The Howard hegemony needs to be splintered, and that (even if unpalatable) means the Liberal "broad church" of which Howard is so proud needs to be made into a sectarian nightmare for him. If you don't have what it takes to do the work needed to fractionate the Liberal congregation into its individual 'seagull' constituencies, with all their foul and belligerent in-fighting placed up on the roof for all to see, then get a life and leave the task to the players who have the capacity to make the impact needed, whether that be the Labor Opposition or whoever - carping about irrelevancies is grist to Howard's mill.

The Democrats said: "The Democrats have stated we are taking a neutral approach to both ALP and Lib in the House of Reps as a way of emphasising that it is the voter who decides where their preferences go." Is there some issue here being smothered by the rationale immediately given?

THE RATIONALE: "The only way you can vote for John Howard (or his party) is if you fill in the ballot paper that way,

no one else can force you to vote for him." Is it the intimation that John Howard is a "Rep's" man, and therefore the Senate arrangements don't come into the issue, which is the bother?

If so, then where has it ever been said? Does it always really follow that arranging preferences for the "above the line" votes by putting candidates in a reverse hierarchy of merit achieves the purpose of the preferential system, which is to increase in descending order the chances of the candidates so preferred?

This may be the case by definition for those who most diligently follow their own lights. But for those who legitimately leave the choice of all preferences to the party of their choice (whatever be the merits of that system as a means to express the choices of the individual voter), it needs to be understood by the individual not so doing, but criticising the choices of any party, that the system of "above the line" voting empowers a party to use the additional power of the individual vote as part of a group package in a new way to achieve the sole purpose of the party in winning the vote.

The strategy for the party is get its candidate(s) elected. It is not relevant to the purpose of the party in getting elected that those who prefer another party or other candidates disagree with the strategy being effected. An advantage of an "above the line" order of preferences is that it gives a party the chance to best marshall by a block voting strategy the additional powers given to it by those who are unwilling to make the tactical decisions (and for whatever reasons) as to how best to ensure their first preference candidates are elected.

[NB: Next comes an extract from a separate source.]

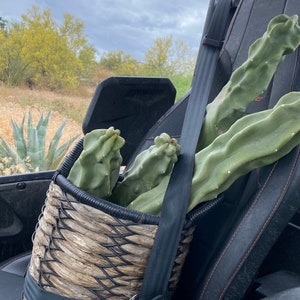 Totem Pole Cactus Cutting Choose Size from Arizona Desert Unique and Rare FREE SHIPPING image 8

Those who disagree simply vote in the order of their own preferences. In not agreeing they should realise that the block voting power they may contribute to a party of their choice is being exercised by themselves as a block of one (1).

That they disagree with any party about how their block of one (1) is a better utilisation of the strategic power to vote by block, is just about that, the power and political advantage of their own choice to vote by the block they determine.

If a voter disagrees with the strategy of a party, and the voter is a member of that party, they can do one of two things: vote below the line according to their block of one (1) and leave it at that (or as a Democrat has openly explained - vote with a party "above the line" as an insurance); or vote with a party "above the line", but also have made sure they have already participated in the decision making within that party prior to the specific strategy being adopted.

Belly-aching about what a party has done, without being a member, when the evident complaint seems solely to be about a preferences strategy that the party has implemented for "above the line" voters, is rather pointless, unless aimed at dissuading other voters less likely to weigh the full implications of their vote that they should follow the suit of a particular block of one (1), or another party also disagreeing.

If the complaint is from another party's members, isn't that to be seen as completely accepted and just part of the tactics being employed at every level in all parties to get out their own message to the "above the line" voters, that they should choose their 'block' party according to the block strategy being proselytised?

If this is the case then individual criticism is no more than a political advert for an order of preferences that is different than the order of preferences of the party(s) criticised. That being said, just what is the problem that the Greens perceive the Democrats to have, given the way that the Muslim community is being dragged into the politicisation of the Christian sectarian vote?

The disgruntled Democrats seem to have left, and left Australia with a GST. The individual voter can afford to be vindicating in preferences to score against the likes of those whom have saddled us with unfair legislation and public policy, as the priority of their block of one (1).

It would be irresponsible for a party to behave in a like fashion. A party has to account for the commitment of those who choose it to make the best use of the 'block' power they vest in it by voting for it "above the line".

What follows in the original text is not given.